I dont seem to have the option for “Claim to Role Mapper” on my IDP, only 3 Hardcoded aswell as an “Attribut” and a “Username Template Importer”. Or do you mean to configure that Claim in Azure?

Is this an oidc of saml based provider?
There are differences per protocol. I’ve used OpenID Connect (oidc).

I created the IDP in Keycloak via the “Microsoft” template. But it might work if i create a new one with OIDC instead of that. (Just a quick question for that, where do you get the needed attributes like Authentication URI from the Azure Application?)

In your Azure portal, in you app registration, at Endpoints

Thanks for sharing the knowledge. Would you be able to elaborate on the details how to

  • On your ID provider; create a Claim to Role mapper
  • The claim is “groups”

Are you able to see the azure ad groups listed somewhere in the admin console?

Thanks!

1 Like

This seems like flattening the concept of groups and roles into one, which should not be needed.

IMO there is missing a crucial option in the mappers list: Claim to Group, which allows to give a mapping of incoming group ids to keycloak group ids.

@maartenvds I am trying to do the same as what you are talking about. I’ve used OpenID Connect to connect an Azure AD, and I have defined role mappings in the IDP in keycloak where the claim value matches the AAD group id.

The issue I’m currently having is that when a new user who has been assigned all the groups in AAD connects to our application, we see a user record created in keycloak for that user, but they are not automatically getting all the relevant role-mappings from the groups in AAD. we currently need to manually add the role-mappings to the user in KeyCloak for the user to be able to use our application.

I’m just wondering how to get that user role-mapping in keycloak to automatically reflect the group assignment in AAD.

I’ve mapped the Azure AD group ID to the IDP Mapper in keycloak like this:

1 Like

Yes I’ve got that too. But we are not getting an automatic sync between users role-mapping in keycloak and their azure group membership. Is there some other bit of config I’m missing?

Note we are running key cloak 9.0.0

Hi,

When the user authenicates, then the groups are synced. In the IDP settings you can config that is forced everytime when the user authenticates.

1 Like

Which setting is that? I can’t see one in the IDP config that suggests it might have that behaviour.

Hi,
Open your IDP and set “Sync Mode” to “force”.

1 Like

I don’t have a “Sync Mode” option. It looks like this is an option that was introduced in keycloak 10. As we are currently on KeyCloak 9, I will start the process of getting our application upgraded.

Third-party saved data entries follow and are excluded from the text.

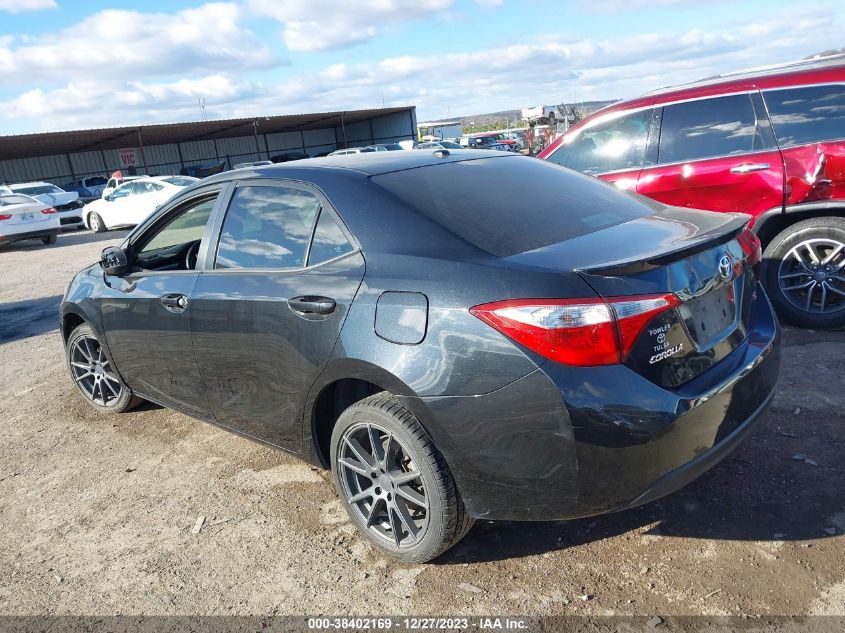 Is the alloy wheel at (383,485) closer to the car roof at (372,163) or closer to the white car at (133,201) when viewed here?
the car roof at (372,163)

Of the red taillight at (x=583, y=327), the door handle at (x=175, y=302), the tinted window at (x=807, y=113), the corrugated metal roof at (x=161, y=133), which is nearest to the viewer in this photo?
the red taillight at (x=583, y=327)

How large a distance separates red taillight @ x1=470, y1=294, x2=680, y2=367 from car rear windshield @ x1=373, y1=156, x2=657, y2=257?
373mm

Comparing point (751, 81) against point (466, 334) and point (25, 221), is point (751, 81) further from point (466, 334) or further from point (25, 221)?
point (25, 221)

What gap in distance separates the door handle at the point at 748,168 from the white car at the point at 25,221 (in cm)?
1626

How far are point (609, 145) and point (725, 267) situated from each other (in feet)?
11.4

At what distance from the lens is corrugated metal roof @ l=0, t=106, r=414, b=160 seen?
3406 cm

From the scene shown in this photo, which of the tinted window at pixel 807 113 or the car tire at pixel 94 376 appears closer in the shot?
the car tire at pixel 94 376

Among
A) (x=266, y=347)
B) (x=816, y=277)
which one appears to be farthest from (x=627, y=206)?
(x=816, y=277)


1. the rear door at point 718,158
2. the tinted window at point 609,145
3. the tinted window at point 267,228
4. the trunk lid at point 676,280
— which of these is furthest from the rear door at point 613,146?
the tinted window at point 267,228

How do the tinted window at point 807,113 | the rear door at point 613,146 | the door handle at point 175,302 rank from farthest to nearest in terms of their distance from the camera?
the rear door at point 613,146 < the tinted window at point 807,113 < the door handle at point 175,302

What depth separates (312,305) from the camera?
2.96 meters

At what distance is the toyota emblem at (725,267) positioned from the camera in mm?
2703

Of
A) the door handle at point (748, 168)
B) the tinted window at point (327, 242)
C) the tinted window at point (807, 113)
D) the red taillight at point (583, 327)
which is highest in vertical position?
the tinted window at point (807, 113)

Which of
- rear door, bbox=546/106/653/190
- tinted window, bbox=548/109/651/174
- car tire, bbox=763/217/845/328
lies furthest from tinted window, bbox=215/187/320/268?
car tire, bbox=763/217/845/328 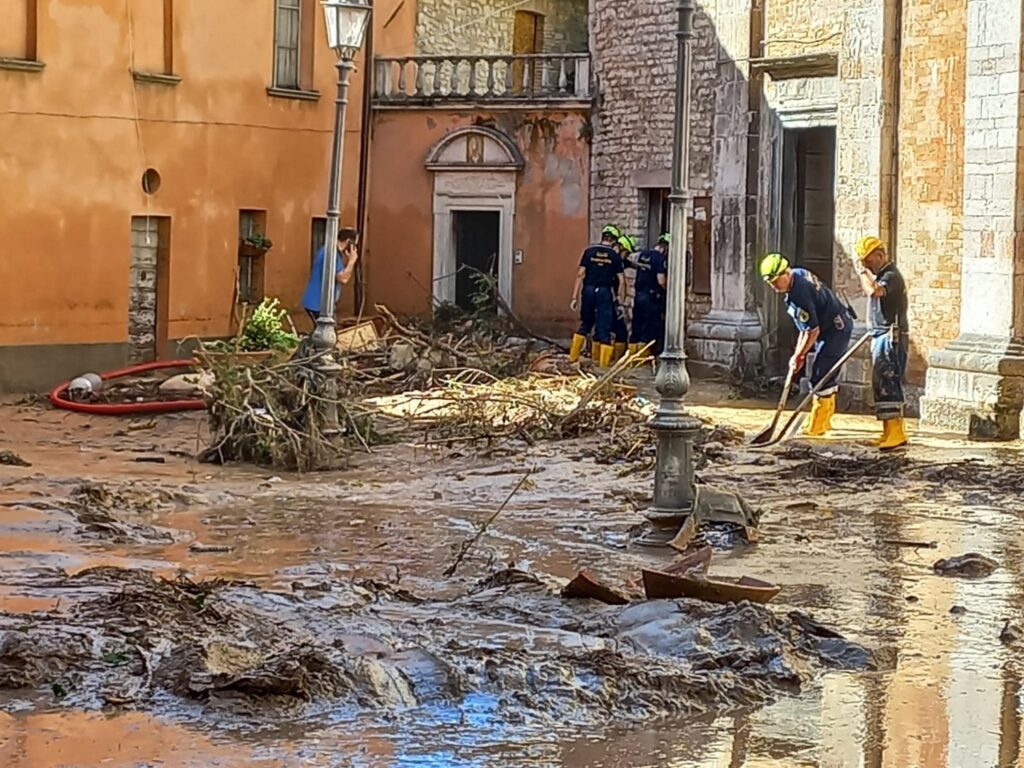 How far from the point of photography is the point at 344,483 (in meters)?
13.9

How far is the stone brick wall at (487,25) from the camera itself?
28656 mm

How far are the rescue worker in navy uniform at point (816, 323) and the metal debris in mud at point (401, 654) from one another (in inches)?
292

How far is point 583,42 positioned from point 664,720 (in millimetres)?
26334

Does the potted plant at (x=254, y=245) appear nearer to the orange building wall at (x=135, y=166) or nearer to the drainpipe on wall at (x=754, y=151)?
the orange building wall at (x=135, y=166)

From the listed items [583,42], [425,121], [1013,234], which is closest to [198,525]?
[1013,234]

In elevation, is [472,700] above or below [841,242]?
below

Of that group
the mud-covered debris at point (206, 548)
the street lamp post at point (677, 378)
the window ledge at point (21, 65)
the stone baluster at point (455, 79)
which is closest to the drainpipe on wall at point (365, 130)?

I’m trying to do the same for SAML and am getting Object Id of AD groups, but not sure how to map them, Don’t have the ‘Claim to Role’ option, I do have ‘Advanced Attribute to Role’, ‘Hardcoded Role’, ‘SAML attribute to Role’

never-mind I was able to figure it out using ‘Advanced Attribute to Role’.

But, as @Morriz mentioned we need a claim to group option.
Do I raise a JIRA ticket for this?

Hi @maartenvds,

I believe I have tried what you said

  • Create the Roles in Keycloak
  • On your ID provider; create a Claim to Role mapper
  • The claim is “groups”
  • The clam value is the guid of the group in Azure AD
  • Set “Sync Mode” to “force” in IDP settings

How do I know if it is working or not? What does “claim” do in the “Identity Provider Mappers” setting?